→ **Task requirements**
Copy each line below word for word and drop every image.

→ **Dataset section**

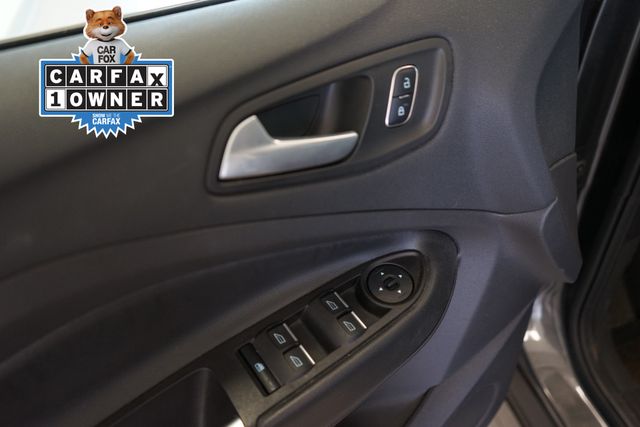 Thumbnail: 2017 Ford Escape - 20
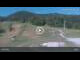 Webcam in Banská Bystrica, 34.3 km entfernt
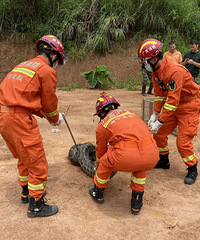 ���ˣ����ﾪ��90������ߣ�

→ **Solution for this task**
 Thumbnail: 2017 Ford Escape - 20
 Webcam in Banská Bystrica, 34.3 km entfernt
 ���ˣ����ﾪ��90������ߣ�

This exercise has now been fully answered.